Given the ellipse below, if I try to find a point that intercects the ellipse at an angle $\theta$ I need to get the coordinates $x = a cos(\theta)$ and $y = b sin(\theta)$. The issue is that this parametric form will give me the point at the black dot when the correct one should have been the yellow dot. Researching online I found this website https://www.petercollingridge.co.uk/tutorials/computational-geometry/finding-angle-around-ellipse/ that provides a formula to get the real angle $\phi$ for an ellipse and it works: $$ \phi = atan(a\sin(\theta)/b\cos(\theta))\;\; x = a \cos(\phi) $$ Notice that we're doing $a\sin(\theta)$ instead of $a\cos(\theta)$.
This angle $\phi$ is different from the angle $\theta$ and im trying to understand what exactly it represents and why this formula works. What's the intuition behind it?
I created this project to show the issue: https://www.khanacademy.org/computer-programming/angle-of-ellipse/6148205981515776
A point on the ellipse is given parametrically as $P = ( a \cos \theta, b \sin \theta)$. $\theta$ here is the parameter called the eccentric angle. To express $P$ in terms of the actual angle $\phi$ we have to write
$ P = r ( cos \phi, \sin \phi ) $
Here $\phi$ is the polar angle.

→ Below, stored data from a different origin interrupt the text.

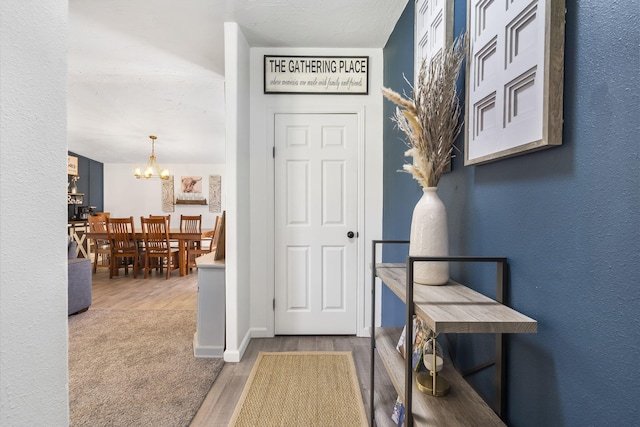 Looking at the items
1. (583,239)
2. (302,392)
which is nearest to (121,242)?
(302,392)

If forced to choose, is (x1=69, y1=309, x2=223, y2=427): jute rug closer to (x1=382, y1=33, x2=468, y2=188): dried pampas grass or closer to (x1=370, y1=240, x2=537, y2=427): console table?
(x1=370, y1=240, x2=537, y2=427): console table

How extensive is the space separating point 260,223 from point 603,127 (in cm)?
231

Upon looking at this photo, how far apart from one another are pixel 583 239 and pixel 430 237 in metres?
0.43

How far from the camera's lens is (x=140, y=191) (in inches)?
318

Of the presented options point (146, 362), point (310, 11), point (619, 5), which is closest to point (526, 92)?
point (619, 5)

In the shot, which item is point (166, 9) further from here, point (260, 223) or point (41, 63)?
point (41, 63)

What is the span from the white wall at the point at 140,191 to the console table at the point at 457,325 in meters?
7.66

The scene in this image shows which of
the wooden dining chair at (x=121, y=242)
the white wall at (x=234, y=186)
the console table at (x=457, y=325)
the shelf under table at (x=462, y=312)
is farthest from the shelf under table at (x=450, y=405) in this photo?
the wooden dining chair at (x=121, y=242)

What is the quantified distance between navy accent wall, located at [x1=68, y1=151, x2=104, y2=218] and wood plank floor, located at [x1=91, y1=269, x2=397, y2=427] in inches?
139

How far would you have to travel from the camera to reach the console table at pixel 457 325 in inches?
30.5

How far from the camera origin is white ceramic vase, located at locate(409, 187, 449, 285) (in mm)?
1067

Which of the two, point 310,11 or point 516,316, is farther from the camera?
point 310,11

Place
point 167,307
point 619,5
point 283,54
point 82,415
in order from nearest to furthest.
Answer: point 619,5 → point 82,415 → point 283,54 → point 167,307

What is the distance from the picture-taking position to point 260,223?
2676 mm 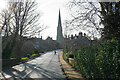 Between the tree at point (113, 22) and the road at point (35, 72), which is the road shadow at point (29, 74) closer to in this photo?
the road at point (35, 72)

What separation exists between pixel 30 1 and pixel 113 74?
21.6 m

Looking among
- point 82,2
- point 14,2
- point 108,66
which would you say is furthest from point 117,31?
point 14,2

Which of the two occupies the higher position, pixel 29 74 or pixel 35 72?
pixel 29 74

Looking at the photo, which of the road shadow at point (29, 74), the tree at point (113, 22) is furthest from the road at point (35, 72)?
the tree at point (113, 22)

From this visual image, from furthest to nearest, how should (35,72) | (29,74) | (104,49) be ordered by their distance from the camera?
(35,72), (29,74), (104,49)

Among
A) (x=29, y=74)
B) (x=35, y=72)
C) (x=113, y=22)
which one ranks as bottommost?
(x=35, y=72)

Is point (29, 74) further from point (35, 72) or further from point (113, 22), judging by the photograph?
point (113, 22)

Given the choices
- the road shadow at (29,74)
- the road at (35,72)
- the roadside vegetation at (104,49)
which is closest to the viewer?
the roadside vegetation at (104,49)

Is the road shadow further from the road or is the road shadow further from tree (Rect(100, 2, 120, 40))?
tree (Rect(100, 2, 120, 40))

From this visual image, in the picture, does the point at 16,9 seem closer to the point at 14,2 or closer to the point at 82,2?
the point at 14,2

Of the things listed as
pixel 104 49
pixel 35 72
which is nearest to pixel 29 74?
pixel 35 72

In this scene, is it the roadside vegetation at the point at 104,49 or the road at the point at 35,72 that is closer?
the roadside vegetation at the point at 104,49

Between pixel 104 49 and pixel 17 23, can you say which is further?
pixel 17 23

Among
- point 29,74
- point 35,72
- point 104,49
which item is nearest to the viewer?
point 104,49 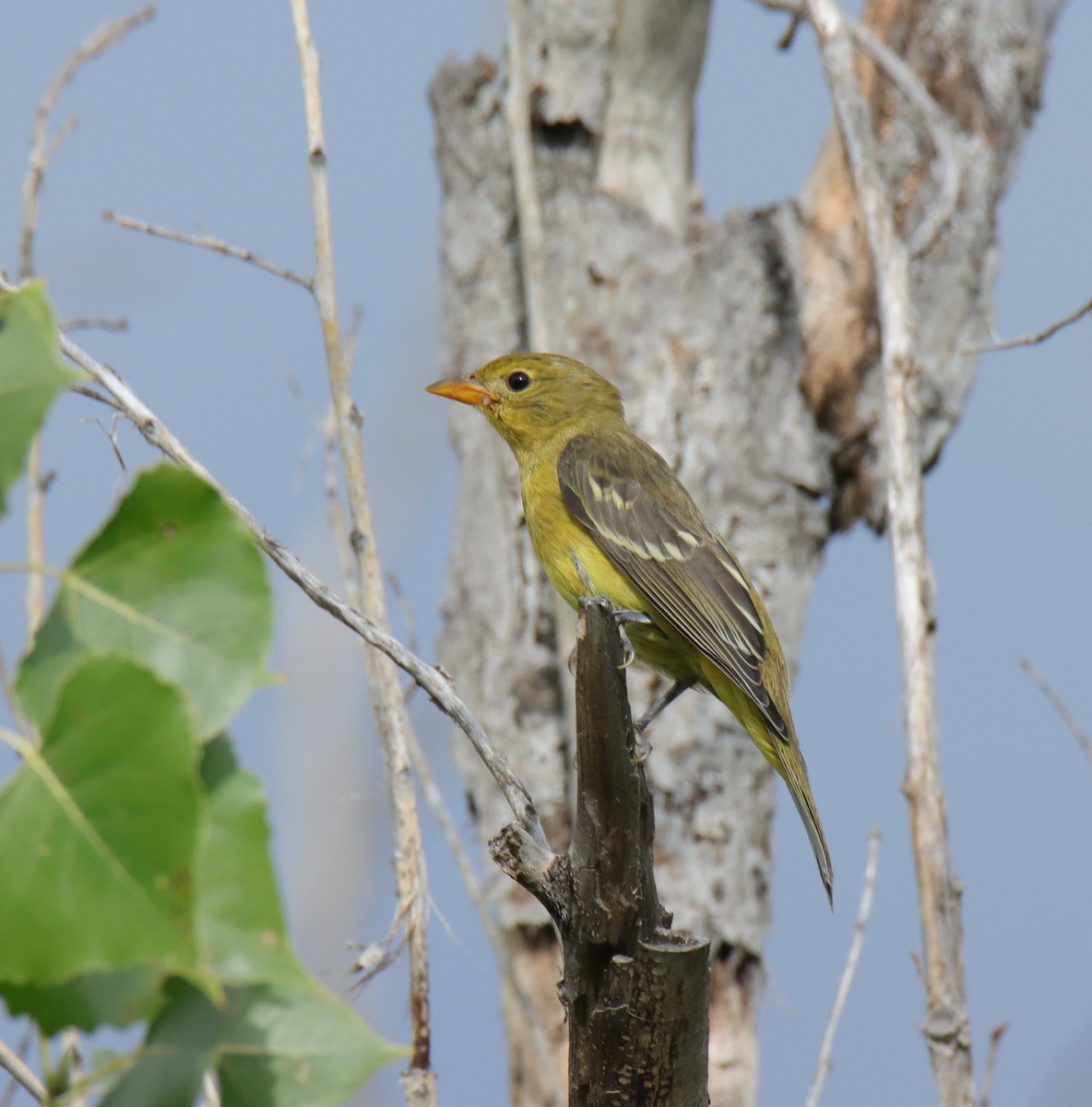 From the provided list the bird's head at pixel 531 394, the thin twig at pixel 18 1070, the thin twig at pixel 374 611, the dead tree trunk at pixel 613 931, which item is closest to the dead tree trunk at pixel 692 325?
the bird's head at pixel 531 394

Dividing $y$ by $x$ in both representations
$\dfrac{y}{x} = \dfrac{ b \sin \theta }{a \cos \theta} = \tan \phi $
Hence,
$ \phi = \tan^{-1} \left( \dfrac{ b \sin \theta }{a \cos \theta} \right) = \tan^{-1} \left( \dfrac{b}{a} \tan \theta \right) $
$\phi$ is the angle that the vector extending from the origin to the point $P$ makes with the positive $x$-axis.